On that I agree. I was using extremes. Of course it’s an entire distribution and it’s multidimensional. And the options are not mutually exclusive either, so it’s not like we’re choosing between one or the other. I would certainly prefer a person showing both their own projects and their formal education or past employment, over somebody with just one of those. And yes, practical ability to develop a program is not a replacement for solid knowledge. I hope I wasn’t understand suggesting this.

But let’s map this onto a single line. One end focusing on showing actual projects, the other just waving some documents. I believe this is the simplification Dave made and what’s being discussed here. If we funnel reality into those categories, my opinion is that we are getting much better employer material on the “actual projects” end. Not that certainly one end is good the other is bad, but the weight of the distribution leans strongly towards one of them. This is what I wanted to show.

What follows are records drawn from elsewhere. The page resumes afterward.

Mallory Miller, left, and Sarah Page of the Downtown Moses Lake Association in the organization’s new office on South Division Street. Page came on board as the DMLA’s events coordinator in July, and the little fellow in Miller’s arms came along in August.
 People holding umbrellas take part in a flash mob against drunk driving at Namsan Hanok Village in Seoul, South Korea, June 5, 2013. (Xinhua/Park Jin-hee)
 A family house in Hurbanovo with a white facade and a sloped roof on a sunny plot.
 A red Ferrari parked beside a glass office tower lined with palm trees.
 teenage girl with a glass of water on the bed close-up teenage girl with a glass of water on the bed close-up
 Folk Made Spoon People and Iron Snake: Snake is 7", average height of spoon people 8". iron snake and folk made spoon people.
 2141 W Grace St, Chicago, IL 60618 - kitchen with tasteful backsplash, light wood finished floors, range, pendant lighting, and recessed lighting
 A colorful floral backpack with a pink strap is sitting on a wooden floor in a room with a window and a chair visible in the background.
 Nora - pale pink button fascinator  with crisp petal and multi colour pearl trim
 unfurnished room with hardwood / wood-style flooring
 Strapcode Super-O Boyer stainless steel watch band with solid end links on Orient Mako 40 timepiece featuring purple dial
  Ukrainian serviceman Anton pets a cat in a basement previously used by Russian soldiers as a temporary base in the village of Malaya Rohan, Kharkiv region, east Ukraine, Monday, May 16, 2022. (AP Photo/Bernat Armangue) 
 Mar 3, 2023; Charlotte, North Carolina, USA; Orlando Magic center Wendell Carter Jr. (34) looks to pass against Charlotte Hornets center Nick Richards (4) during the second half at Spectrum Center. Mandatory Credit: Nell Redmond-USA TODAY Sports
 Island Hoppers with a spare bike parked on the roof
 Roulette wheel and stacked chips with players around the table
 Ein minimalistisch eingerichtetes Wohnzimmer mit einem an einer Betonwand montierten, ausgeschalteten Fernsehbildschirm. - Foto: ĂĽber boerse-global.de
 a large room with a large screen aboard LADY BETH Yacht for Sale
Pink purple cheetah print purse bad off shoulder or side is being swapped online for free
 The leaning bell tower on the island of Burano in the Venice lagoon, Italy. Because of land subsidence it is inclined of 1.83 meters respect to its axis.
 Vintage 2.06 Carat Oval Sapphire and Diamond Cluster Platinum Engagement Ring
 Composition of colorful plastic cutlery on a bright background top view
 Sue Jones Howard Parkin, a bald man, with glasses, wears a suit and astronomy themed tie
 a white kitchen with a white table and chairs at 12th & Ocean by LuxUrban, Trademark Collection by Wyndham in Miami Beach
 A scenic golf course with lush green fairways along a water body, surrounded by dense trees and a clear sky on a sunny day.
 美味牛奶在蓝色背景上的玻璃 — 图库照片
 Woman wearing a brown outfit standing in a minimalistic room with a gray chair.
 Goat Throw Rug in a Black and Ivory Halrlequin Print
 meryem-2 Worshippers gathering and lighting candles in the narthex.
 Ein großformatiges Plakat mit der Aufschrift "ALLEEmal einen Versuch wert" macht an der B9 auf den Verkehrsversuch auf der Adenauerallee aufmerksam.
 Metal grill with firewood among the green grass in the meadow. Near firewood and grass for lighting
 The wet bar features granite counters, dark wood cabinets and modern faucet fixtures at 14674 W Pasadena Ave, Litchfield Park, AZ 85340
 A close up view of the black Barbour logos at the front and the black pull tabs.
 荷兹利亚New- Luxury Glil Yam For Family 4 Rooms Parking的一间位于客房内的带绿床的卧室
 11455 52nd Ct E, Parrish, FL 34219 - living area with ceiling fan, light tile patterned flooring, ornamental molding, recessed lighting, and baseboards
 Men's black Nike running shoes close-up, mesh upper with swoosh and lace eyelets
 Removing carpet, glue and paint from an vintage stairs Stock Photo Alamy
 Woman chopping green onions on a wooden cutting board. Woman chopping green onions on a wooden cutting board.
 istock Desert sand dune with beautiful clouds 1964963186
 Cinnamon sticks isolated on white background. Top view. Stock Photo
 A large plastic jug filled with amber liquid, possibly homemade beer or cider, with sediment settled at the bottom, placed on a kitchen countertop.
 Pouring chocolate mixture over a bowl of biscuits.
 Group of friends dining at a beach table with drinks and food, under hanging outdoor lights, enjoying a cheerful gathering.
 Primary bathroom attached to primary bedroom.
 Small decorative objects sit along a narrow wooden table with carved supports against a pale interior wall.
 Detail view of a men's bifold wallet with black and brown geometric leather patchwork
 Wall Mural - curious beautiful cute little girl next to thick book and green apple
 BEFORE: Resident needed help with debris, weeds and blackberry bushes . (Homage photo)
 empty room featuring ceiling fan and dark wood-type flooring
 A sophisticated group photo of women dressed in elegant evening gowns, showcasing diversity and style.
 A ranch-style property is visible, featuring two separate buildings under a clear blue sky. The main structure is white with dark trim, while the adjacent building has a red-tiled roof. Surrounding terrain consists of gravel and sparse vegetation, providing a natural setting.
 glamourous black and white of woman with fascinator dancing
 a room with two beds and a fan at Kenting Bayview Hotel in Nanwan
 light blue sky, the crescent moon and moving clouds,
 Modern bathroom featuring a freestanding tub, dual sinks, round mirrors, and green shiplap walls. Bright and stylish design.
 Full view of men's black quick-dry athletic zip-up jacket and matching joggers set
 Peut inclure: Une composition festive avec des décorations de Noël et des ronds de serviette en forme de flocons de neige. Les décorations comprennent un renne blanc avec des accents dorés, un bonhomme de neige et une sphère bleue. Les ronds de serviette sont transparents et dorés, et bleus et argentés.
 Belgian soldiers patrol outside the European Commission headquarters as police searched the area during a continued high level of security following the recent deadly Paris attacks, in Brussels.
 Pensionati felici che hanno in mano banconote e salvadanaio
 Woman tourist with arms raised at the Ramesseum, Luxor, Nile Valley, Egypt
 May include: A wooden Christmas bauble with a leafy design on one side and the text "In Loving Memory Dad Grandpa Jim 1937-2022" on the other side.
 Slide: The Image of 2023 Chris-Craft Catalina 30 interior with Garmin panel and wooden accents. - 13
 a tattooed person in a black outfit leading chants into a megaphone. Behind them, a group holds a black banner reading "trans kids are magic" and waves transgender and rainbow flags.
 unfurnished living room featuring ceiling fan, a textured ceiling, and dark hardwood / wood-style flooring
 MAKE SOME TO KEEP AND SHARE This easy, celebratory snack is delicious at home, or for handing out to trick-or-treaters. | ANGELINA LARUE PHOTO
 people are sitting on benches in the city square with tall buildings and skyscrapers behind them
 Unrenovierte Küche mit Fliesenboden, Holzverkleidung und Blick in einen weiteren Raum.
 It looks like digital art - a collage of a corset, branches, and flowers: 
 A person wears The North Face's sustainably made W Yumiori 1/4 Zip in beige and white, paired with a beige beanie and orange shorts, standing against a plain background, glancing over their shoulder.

My personal experience in choosing people to employ for a commercial project is limited. I can easily recall only 4 examples, which is a very low N. One only formal education, two mostly hobby projects. one being on both ends. The outcomes were as follows. The first one didn’t do his job at all: called me about 2 hours before the deadline and asked, what he was supposed to do. In retrospection earlier interactions were warning signs, telling me he’s incapable of working on his own, but I ignored those and chosen to believe in his honesty. The second one did great until one day I heard he disappeared and stopped responding. Depression apparently, no malice or negligence on his end. The third one was the best coworker I ever had: not a single bad word about him. The commercial part of our coöperation was focused more on graphics things than coding, but we did coding on non-commercial stuff. The fourth one is a stereotypical Eastern European programmer: will write you anything in a blink of an eye, it will work perfectly as specified, low bug rate, and exceeds performance of any competing code. The catch? He implements exact use case scenarios. Deviate from it a little bit and everything falls into pieces. Basically acts like a very efficient translator.
People imagine AI as T1000. What we got so far is glorified T9.